When The Roots Are Rotten

John Solomon posted an article at The Hill yesterday about some recent information dealing with the roots of the charges that candidate Donald Trump was colluding with the Russians.

The article reports:

And the behavior of FBI agents and federal prosecutors who promoted that faulty evidence may disturb us more than we now know.

The first, the Christopher Steele dossier, has received enormous attention. And the more scrutiny it receives, the more its truthfulness wanes. Its credibility has declined so much that many now openly question how the FBI used it to support a surveillance warrant against the Trump campaign in October 2016.

At its best, the Steele dossier is an “unverified and salacious” political research memo funded by Trump’s Democratic rivals. At worst, it may be Russian disinformation worthy of the “garbage” label given it by esteemed reporter Bob Woodward.

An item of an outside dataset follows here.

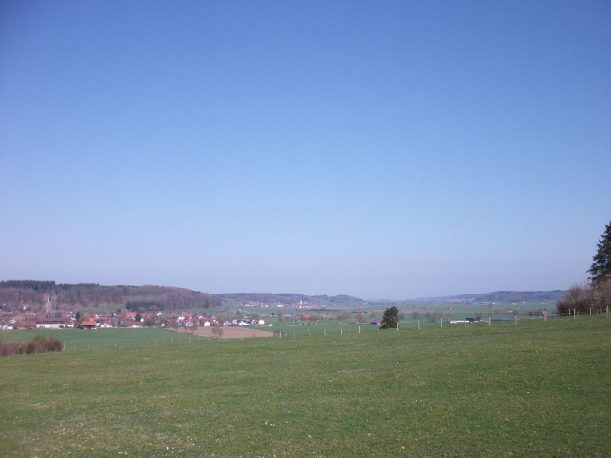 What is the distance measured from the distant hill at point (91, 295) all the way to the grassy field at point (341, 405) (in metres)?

The second document, known as the “black cash ledger,” remarkably has escaped the same scrutiny, even though its emergence in Ukraine in the summer of 2016 forced Paul Manafort to resign as Trump’s campaign chairman and eventually face U.S. indictment.

In search warrant affidavits, the FBI portrayed the ledger as one reason it resurrected a criminal case against Manafort that was dropped in 2014 and needed search warrants in 2017 for bank records to prove he worked for the Russian-backed Party of Regions in Ukraine.

There’s just one problem: The FBI’s public reliance on the ledger came months after the feds were warned repeatedly that the document couldn’t be trusted and likely was a fake, according to documents and more than a dozen interviews with knowledgeable sources.

The article explains the problem with the “black cash ledger”:

For example, Ukraine’s top anticorruption prosecutor, Nazar Kholodnytsky, told me he warned the U.S. State Department’s law enforcement liaison and multiple FBI agents in late summer 2016 that Ukrainian authorities who recovered the ledger believed it likely was a fraud.

“It was not to be considered a document of Manafort. It was not authenticated. And at that time it should not be used in any way to bring accusations against anybody,” Kholodnytsky said, recalling what he told FBI agents. 

Likewise, Manafort’s Ukrainian business partner Konstantin Kilimnik, a regular informer for the State Department, told the U.S. government almost immediately after The New York Times wrote about the ledger in August 2016 that the document probably was fake.

Manafort “could not have possibly taken large amounts of cash across three borders. It was always a different arrangement — payments were in wire transfers to his companies, which is not a violation,” Kilimnik wrote in an email to a senior U.S. official on Aug. 22, 2016.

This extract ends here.